Read Bastiat’s “The Law” Online Here

My high school economic students are reading their first book of the year, one that is close to the hearts of liberty lovers: Frederic Bastiat’s The Law, written near the end of his life in 1850 France. This is my third year teaching it to freshmen, and I find it more and more excellent every time I read it. The words and arguments come off the pages like notes and melodies, and it feels like a symphony of ideas.

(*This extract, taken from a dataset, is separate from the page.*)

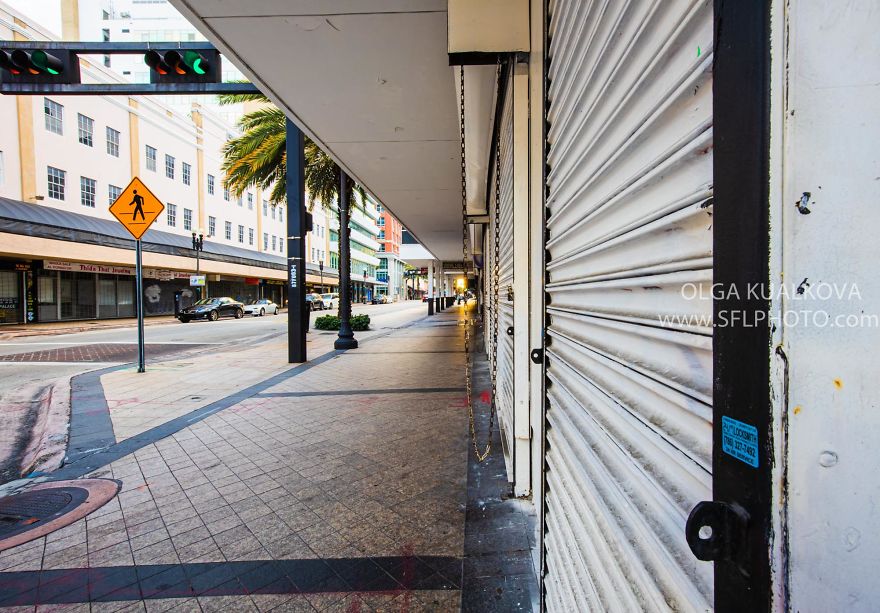 Downtown Miami, 8 Am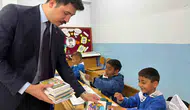 Kars Kaymakamı Derinöz köyünde öğrencilerle bir araya geldi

Its first movement is powerful and audacious, beginning with a blasting fanfare of our natural, God-given rights. From nature we are granted life—physical, intellectual, and moral. Life alone cannot sustain itself, so we must apply the talents and faculties given to us by nature to develop, preserve, and perfect our lives. The efforts and work we do must be ours; not all can work in the same way at the same capacity for the same purpose. So, we must have the liberty to choose our desired and proper labor. From our labor, this free application of our faculties, we create that which supports and develops our existence. Whether it be food, shelter, tools, music, art… the fruits of our labor, our property, are ours to keep in order to sustain our lives. We hold this triumvirate of rights from our Creator; that is, they exist before and above any man-made institution. 

This trumpeting of human dignity is nevertheless accompanied by the strong, ominously beating rhythm of fallen human nature. Our reason is what makes us human, and it is the natural law that clarifies truth and tells us we ought not violate the rights of others. But free will also comprises our human nature and gives us the ability to ignore our reason, to ignore natural law.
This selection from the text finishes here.